В этом месте, отрезанном от мира, расположенном на труднодоступном холме, он мог наконец посвятить свои дни размышлениям и чтению Священного Писания — в течение сорока лет высокие обязанности отвлекали его от этих занятий.

По официальной версии, его отправили в это идиллическое местечко, чтобы вознаградить за неизменную преданность, проявленную на службе у трех понтификов.

Но, по сути дела, Лантану против его воли сослали в богадельню для престарелых священнослужителей высокого ранга. Папа Иоанн Павел I, угасший через месяц после восшествия на престол, не успел принять много решений. Но первым из них стало постановление об избавлении от обузы в лице этого кардинала, выказывавшего нежелание отчитываться перед Папой и стремившегося диктовать ему свою политику.

Эта ссылка, как принято в таких случаях в Церкви, должна была стать пожизненной и предполагала полный отказ от какой бы то ни было апостолической деятельности.

Для того, кто привык железной рукой управлять всеми финансами Ватикана, удар оказался очень тяжелым. Лантана, некогда определявший политические установки Святого Престола, теперь был вынужден влачить свои дни в крохотной келье. Подчиняясь ритму молитв и постов.

Тененти позвонил в несколько мест, чтобы убедиться, что Лантана еще жив. Два часа спустя он затормозил перед воротами доминиканского монастыря Царя Небесного. Может быть, это и был дом отдыха, но располагался он в укрепленной крепости, обнесенной десятиметровой стеной с бойницами на середине высоты.

Несмотря на то что с вершины холма открывалась панорама окрестностей, мы не увидели вокруг ни одного живого существа, если не считать огромной стаи ворон, рассевшихся на деревьях вдоль дороги. В этот момент мне пришло в голову, что после поворота, находившегося километрах в двенадцати от монастыря, на нашем пути не попалась ни одна машина.

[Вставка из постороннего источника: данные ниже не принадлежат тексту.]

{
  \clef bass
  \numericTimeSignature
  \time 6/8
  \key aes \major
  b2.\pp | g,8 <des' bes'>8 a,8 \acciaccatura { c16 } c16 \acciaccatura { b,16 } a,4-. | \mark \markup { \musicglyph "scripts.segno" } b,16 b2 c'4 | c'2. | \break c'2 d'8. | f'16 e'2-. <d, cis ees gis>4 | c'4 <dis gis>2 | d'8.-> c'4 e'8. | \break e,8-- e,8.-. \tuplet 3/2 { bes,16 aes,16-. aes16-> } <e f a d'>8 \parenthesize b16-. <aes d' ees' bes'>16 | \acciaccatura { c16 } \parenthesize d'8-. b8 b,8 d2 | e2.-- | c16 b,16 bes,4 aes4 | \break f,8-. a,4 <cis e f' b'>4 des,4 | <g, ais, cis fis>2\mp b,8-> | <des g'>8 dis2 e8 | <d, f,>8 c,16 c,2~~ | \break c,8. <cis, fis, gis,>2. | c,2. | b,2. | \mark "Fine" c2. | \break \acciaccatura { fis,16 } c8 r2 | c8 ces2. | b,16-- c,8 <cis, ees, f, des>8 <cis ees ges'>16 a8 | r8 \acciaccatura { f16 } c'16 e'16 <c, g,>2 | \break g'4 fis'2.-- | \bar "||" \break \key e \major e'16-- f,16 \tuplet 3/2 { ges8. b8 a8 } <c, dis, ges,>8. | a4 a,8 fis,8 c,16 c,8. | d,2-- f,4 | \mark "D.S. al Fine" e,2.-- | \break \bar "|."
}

В довершение картины вокруг клубился густой, прямо-таки киношный, туман, и это делало атмосферу окончательно мрачной. Где-то поблизости безусловно бродил призрак Вильгельма Баскервильского в сопровождении верного Адсона, самого глупого из когда-либо описанных в литературе послушников.

Глядя на эту местность, я размышлял о том, куда же правители Ватикана ссылают священников, которые им не угодили? Наверняка прямо в котел с кипящим маслом или же в тюремные камеры, выдолбленные под базиликой Святого Петра, с кляпом во рту, чтобы туристы не слышали их отчаянных криков. Теперь я начинал лучше понимать суть кризиса религиозных призваний.

Тененти подошел к воротам, поднял и отпустил тяжелый бронзовый молоток, глухо стукнувший по дереву. Звук, словно смягченный туманом, растворился во влажном воздухе. По ту сторону ворот ничто не нарушало тишину.

Это место пугало меня. Я попытался уговорить Тененти развернуться и уехать обратно в цивилизованный мир.

— Серджо, я продрог. Давай уедем... Сейчас выяснится, что они тут умерли один за другим, а у последнего не было сил предупредить власти. Все о них забыли, и трупы медленно разложились. «Ты прах...» и все такое. Ты же это знаешь. Давай я угощу тебя завтраком. Где-нибудь поблизости наверняка есть симпатичная таверна.

Тененти не удостоил меня ответом и не шелохнулся. Он так и стоял, уставившись на ворота.

— Серджо, кончай дурить! — настаивал я. — Не можем же мы торчать тут все утро! Поехали отсюда. Какое-то зловещее место.

Эти слова не произвели на моего спутника ни малейшего впечатления. Я всегда думал, что самое упрямое существо на свете, не желающее подчиняться разумным советам, — это Лола. Я ошибался.

Вопреки всем ожиданиям, Тененти постучал в ворота еще раз. Когда смотровое оконце приоткрылось и в нем показались два темных глаза, на его лице не отразилось никаких особенных эмоций. Из маленького отверстия послышался замогильный голос:

— Наш монастырь не принимает посетителей. Уезжайте туда, откуда приехали.

Сухой щелчок — и оконце захлопнулось. Ничего не скажешь, эти ребята отлично продумали все эффекты.

Тененти снова взялся за молоток. На сей раз долго ждать не пришлось. В оконце снова появились глаза привратника.

— Я же вам сказал, что...

— Мы приехали повидаться с монсеньором Лантаной, — перебил его Тененти.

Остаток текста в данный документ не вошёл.